Her hair is messy red with henna. Her green eyes sparkle when she smiles, and her mouth reveals adult teeth that have not yet finished growing. Aside from dirt covering her bare feet in the garbage littering the dirt floor, Habiba looks like a seven-year-old girl as we know her.
Zulmaï, his father, was a policeman in the Afghan National Army. A job he was proud of. However, when he realized that the government was about to collapse, he gave it up.
I don’t make any money at allsighs the man with weather-beaten skin from years of exposure to the harsh southern Afghan sun.
Zulmaï lost his home and settled with his family in a refugee camp. A few curtains, earthen walls and a bit of straw serve as shelter. In order to survive, the man went into debt.
He owes $8,500 to a family who are now demanding repayment. That’s his right, he says, but he has no money. So he offered his youngest Habiba in marriage to the son of his creditors.
The family says it’s better if she moves in to work with them instead of doing nothing with me, but I tell them she’s too young to work.
Habiba is clutching her father’s shirt to bury her face in it when she hears it. Zulmaï told her what was happening to her without giving her the details of what this marriage meant.
She knows and she tells me she doesn’t want to go, she’s too small. You see how she loves me.
Most of the 300 or so people living in a slum camp in the heart of Kandahar have been displaced from Badghis province by years of fighting and poverty. The small piece of occupied land is bordered by a mountain of garbage cans rotting in the sun. The smell grabs you by the throat.
Our whole life is this waste. We scavenge them so we can sell the plastic and metal we find to survivesaid Ghuncha Gul.
He only has boys. And he counts on them to work the foul hills every day. Degrading but honest work, Ghuncha Gul insists. That didn’t stop the Taliban from arresting one of his sons a week ago. Instead of releasing him, they asked his father to let him stay with them so that he could attend Koranic school.
They told me that they would keep him in the madrassa and that he could come to see us once a week.
But it’s food their children demand, explains Ghuncha Gul. And for that, the father needs all her little hands at work.
We’re just watching life go by, there’s nothing herelaments Tsar Bibi, covered in a blue burqa surrounded by spots.
We are worth nothing to the Taliban, why should they help us?
Tsar Bibi’s husband also owed thousands of dollars to distant relatives. A loan that must be repaid. His eight-year-old daughter Rukia will act as pay.
Whether she’s years away from puberty or not, her mother says she has no choice.
” I have to give it to them, it’s an obligation. There is no other solution. »
Sitting next to him, Rukia can’t help but smile and giggle. She doesn’t know for a second what awaits her and doesn’t pay attention to the conversations of the adults around her.

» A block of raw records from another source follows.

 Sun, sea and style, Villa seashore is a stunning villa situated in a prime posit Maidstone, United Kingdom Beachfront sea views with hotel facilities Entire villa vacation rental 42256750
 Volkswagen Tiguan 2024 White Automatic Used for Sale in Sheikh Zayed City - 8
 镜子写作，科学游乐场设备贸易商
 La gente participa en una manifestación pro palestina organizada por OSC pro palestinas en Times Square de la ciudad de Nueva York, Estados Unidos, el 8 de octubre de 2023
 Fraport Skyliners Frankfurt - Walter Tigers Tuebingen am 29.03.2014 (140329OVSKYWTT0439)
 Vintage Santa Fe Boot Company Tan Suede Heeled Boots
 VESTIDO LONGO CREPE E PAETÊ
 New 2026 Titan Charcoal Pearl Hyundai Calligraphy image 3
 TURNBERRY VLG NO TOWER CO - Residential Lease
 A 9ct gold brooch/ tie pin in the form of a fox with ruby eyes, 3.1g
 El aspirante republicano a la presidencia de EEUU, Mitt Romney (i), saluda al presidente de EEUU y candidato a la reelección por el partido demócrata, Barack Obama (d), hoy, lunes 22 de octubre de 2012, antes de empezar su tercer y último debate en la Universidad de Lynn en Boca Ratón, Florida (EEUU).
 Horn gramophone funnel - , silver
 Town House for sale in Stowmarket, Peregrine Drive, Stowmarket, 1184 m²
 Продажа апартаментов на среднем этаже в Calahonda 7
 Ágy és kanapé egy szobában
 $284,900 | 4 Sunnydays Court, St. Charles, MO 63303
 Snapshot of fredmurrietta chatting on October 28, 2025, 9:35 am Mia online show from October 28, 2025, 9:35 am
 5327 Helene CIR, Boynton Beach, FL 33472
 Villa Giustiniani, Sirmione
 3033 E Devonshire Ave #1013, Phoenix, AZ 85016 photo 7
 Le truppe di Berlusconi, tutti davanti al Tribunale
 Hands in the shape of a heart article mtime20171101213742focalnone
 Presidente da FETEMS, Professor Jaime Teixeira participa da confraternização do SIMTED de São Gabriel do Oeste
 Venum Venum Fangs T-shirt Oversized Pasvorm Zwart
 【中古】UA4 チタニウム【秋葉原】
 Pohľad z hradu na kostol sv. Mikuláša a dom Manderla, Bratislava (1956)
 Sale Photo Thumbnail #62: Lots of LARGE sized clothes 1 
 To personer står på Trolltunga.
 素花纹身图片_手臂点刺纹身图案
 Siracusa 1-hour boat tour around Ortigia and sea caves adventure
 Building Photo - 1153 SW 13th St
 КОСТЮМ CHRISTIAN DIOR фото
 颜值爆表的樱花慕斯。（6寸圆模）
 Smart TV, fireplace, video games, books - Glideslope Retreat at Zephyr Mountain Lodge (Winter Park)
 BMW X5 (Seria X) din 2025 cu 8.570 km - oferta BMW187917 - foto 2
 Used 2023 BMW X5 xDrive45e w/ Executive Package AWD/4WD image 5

If I tell her, she won’t accept it. But if they come for my daughter, I’ll give her to them whether she likes it or not, her mother said. At eight years old, it is impossible for her to be happy about it.
When the time comes, Tsar Bibi will lie to Rukia. She will tell him that she will live with an uncle she has never met. What happens to him after that is no longer his responsibility, she says.
I have no idea how she will react there. Of course she is too young to understand her situation. I’m sure she will cry and not be able to accept her fate.
In order not to interfere with family affairs, there is no legal minimum age for marriage in Afghanistan. This did not prevent the Taliban from issuing an edict specifying the maximum amount that can be paid for a young girl.
A little more than the equivalent of 5,000 Canadian dollars: According to the decree, a young bride can be worth that much.
Before the Taliban came to power, the legal age for marriage was 16.
According to a report released by UNICEF in 2018, 28% of women between the ages of 18 and 49 were married before the age of 18. The organization is concerned about a significant increase in this scourge in recent months.
If you ask Abdul Rahman how many children he has, he spontaneously answers seven, seven boys, he says. Then he changes his mind: He also has three daughters.
Three of them are girls and seven are boys. it’s my daughterhe said, gesturing towards Salia.
The little one’s face is covered with subtle freckles that give her a mischievous look and her eyes are made up black.
In the tent that serves as their home, she recites verses from the Koran. A few times a week Salia can go to the girls’ religious school near the camp. Those are the only schools that are open, his mother says. There she learns to recite the Koran, but she cannot read it. Core subjects are not on the curriculum.
When asked what she would like, Salia replies shyly that she would like to learn to write.
A dream that is as simple as it is unattainable. Her father, also heavily in debt, sold her in the village from which he had fled.
We have no excuse for our daughter. Father and mother are to blame, not her. Why does her parents have to give her something like this? It’s impossible to negotiate. You have to pay your debtssays Abdul Rahman.
We don’t seem to owe anything to these little girls, who will be women without ever really having been children.